One of my Art College Mentors used to bring her wonderful pumpkin bread mini loaves to the Westmont Art Center in the Fall and it would be such a lovely breakfast- I have carried on the tradition of making this bread every 1st of October (along with my old college roommate Julia). This recipe creates an army supply that usually lasts most of the month with plenty to spare. perfect paired with hot chai tea on a crisp Autumn morning.
Priscilla Fossek's Pumpkin Bread
6 cups cooked pumpkin, mashed
9 cups sugar (evaporated cane juice is healthier... we think)
3 cups oil
9 teaspoons cinnamon
5 teaspoons nutmeg
2 cups water
11 cups flour
6 teaspoons baking soda
4.5 teaspoons salt
here is where I personally alter the original recipe... the original calls for
3 cups chopped nuts
but I prefer
2 cups dried cherries
1 cups chopped up dark Dove chocolates
Combine dry ingredients and set aside.
In a large bowl mix sugar, oil, eggs, water, and pumpkin. Gradually add dry ingredients to this mixture.

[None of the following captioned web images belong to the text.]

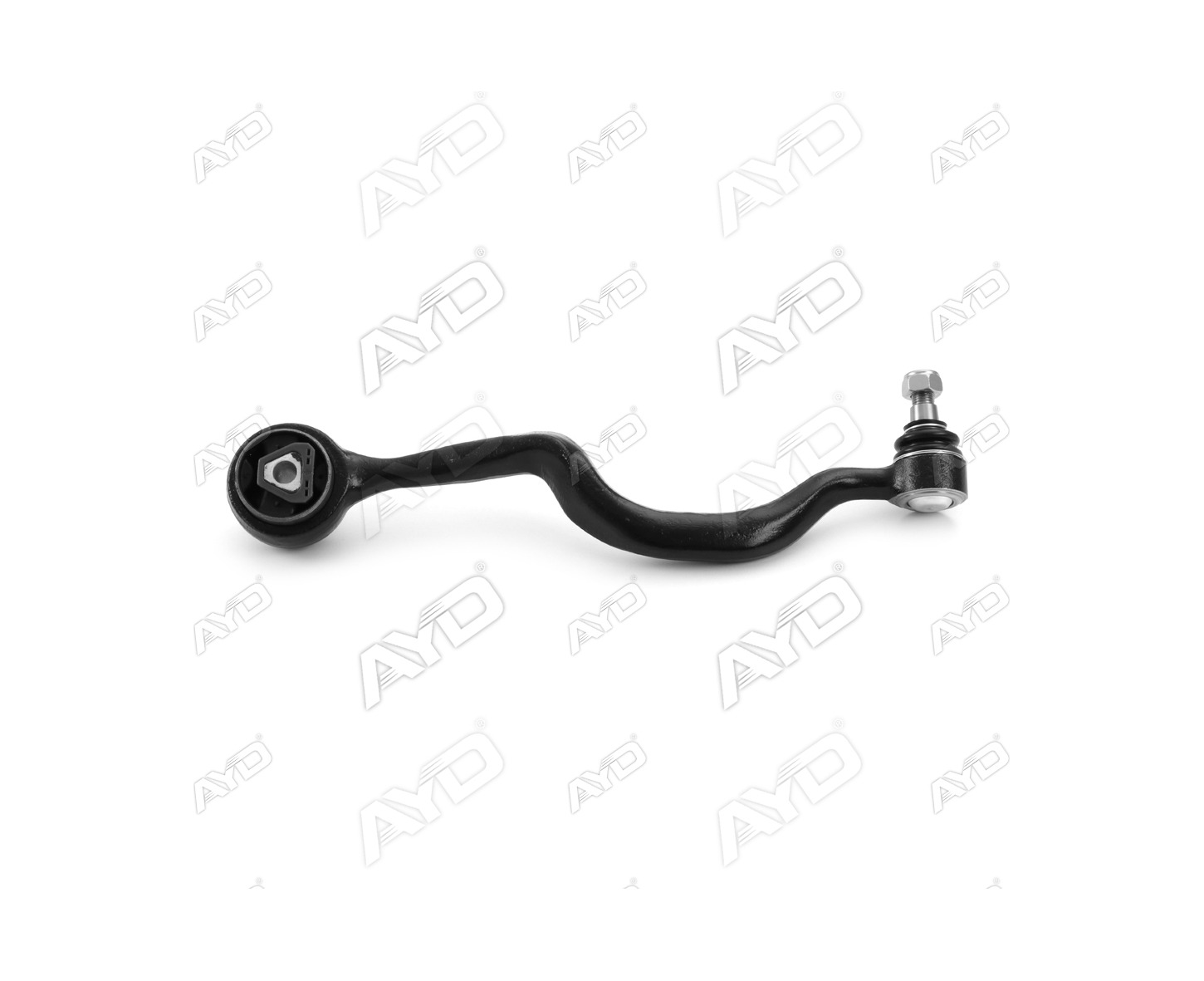 BMW E34 Ön Üst Salıncak Sağ Buçlu 9401786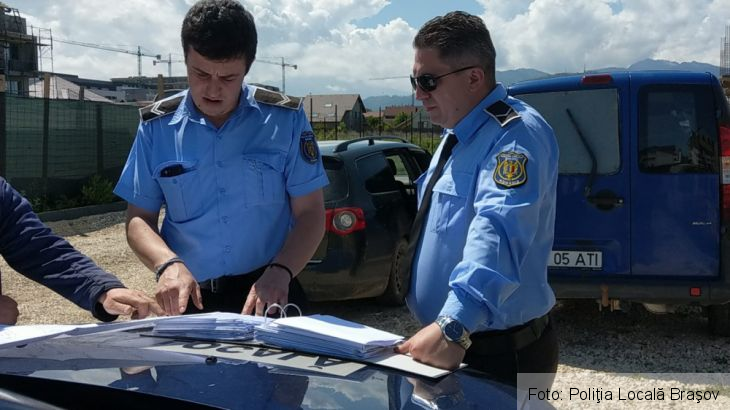 IMG-20190531-WA0003 (1)_267849.jpg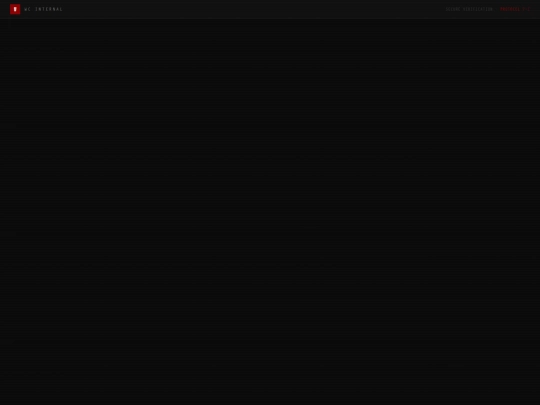 verify screenshot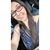 Tatiana Marie Olazabal's profile image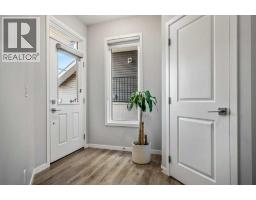 114 Crestbrook Way Sw, Calgary, AB T3B6H1 Photo 16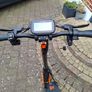 Scooter Image 6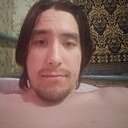 Алие, 24 года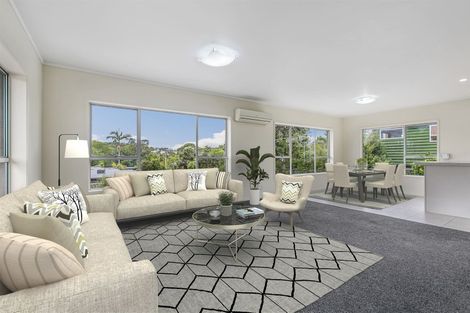 Photo of property in 404 Whangaparaoa Road, Stanmore Bay, Whangaparaoa, 0932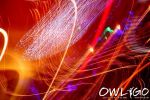 get_naked_club_verl_samstag_06012007_049.jpg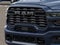 2027 RAM Ram 2500 RAM 2500 BLACK EXPRESS CREW CAB 4X4 6'4' BOX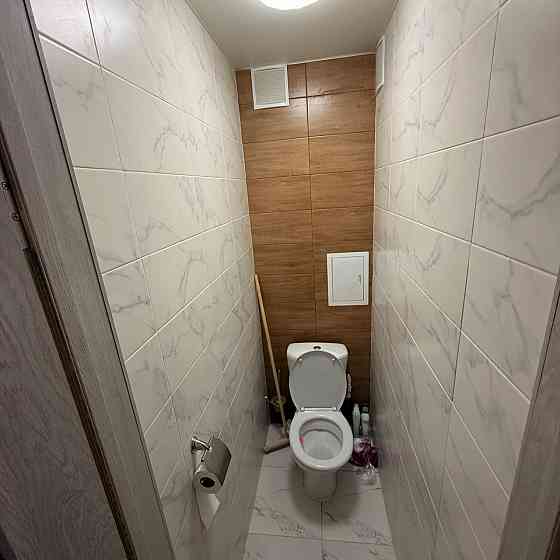 Квартира в Ленинском районе Донецка Донецк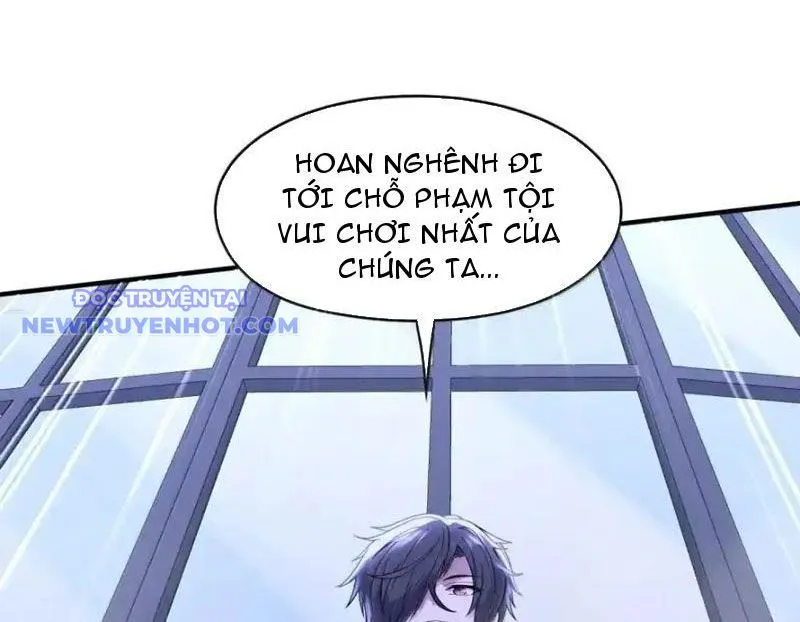 Trang 119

Add nuts and 1 cup of raisins (notice she didn't list those raisins in the ingredients... afterthougt?)
Or ignore Priscilla & make it a Star special by adding CHERRIES & CHOCOLATE!
Bake in an assortment of cake and bread pans at 350 degrees until toothepick comes out clean.
The times will vary depending on the size of the pan.
Yeah & if that doesn't drive you nuts, I have personally averaged For mini bread loaves to be around 25-30 minutes. Mini muffins are more like 15-18 minutes.